_What is being asked:_
Please copy the data exactly as it stands, minus the images.

Top of Supplied material

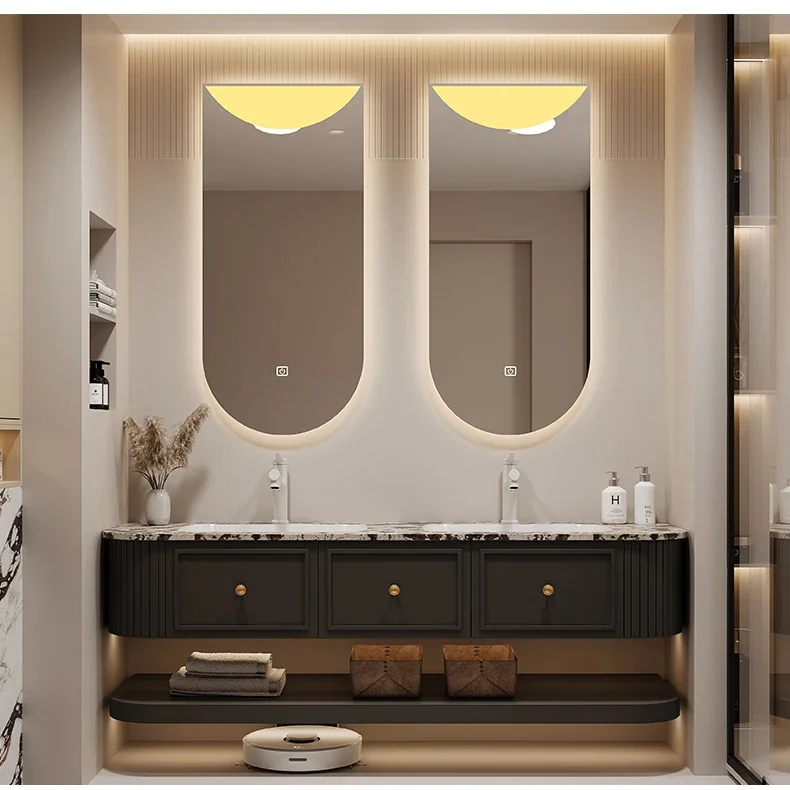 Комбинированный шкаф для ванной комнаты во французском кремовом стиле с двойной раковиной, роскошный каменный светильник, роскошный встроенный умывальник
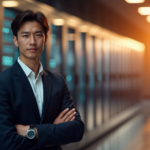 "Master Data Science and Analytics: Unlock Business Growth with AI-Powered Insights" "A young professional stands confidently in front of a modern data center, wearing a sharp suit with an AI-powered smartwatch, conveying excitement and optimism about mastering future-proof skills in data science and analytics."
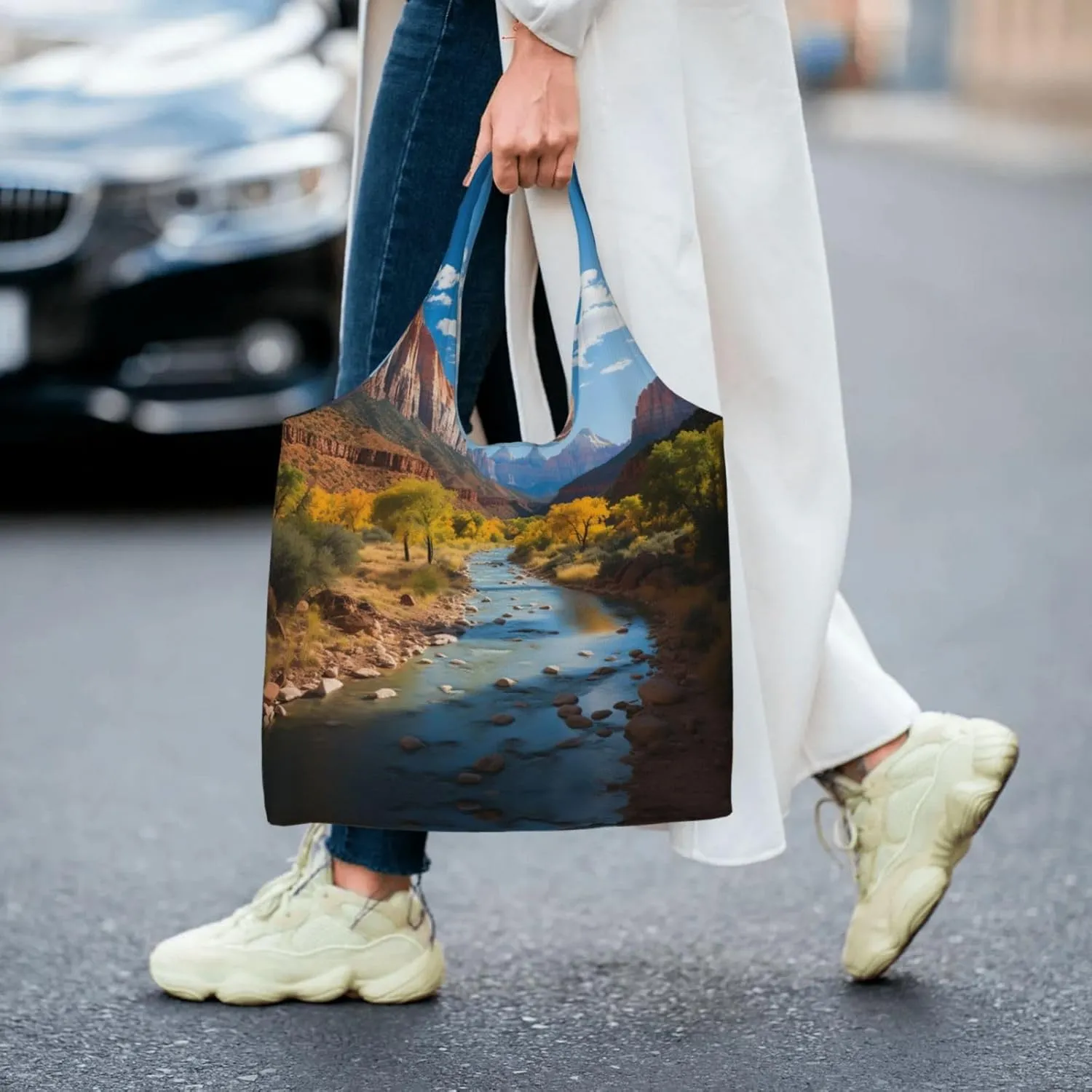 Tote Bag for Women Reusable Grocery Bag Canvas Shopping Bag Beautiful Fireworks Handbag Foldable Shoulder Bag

Bottom of Supplied material

_Answer area:_
 Комбинированный шкаф для ванной комнаты во французском кремовом стиле с двойной раковиной, роскошный каменный светильник, роскошный встроенный умывальник
 "Master Data Science and Analytics: Unlock Business Growth with AI-Powered Insights" "A young professional stands confidently in front of a modern data center, wearing a sharp suit with an AI-powered smartwatch, conveying excitement and optimism about mastering future-proof skills in data science and analytics."
 Tote Bag for Women Reusable Grocery Bag Canvas Shopping Bag Beautiful Fireworks Handbag Foldable Shoulder Bag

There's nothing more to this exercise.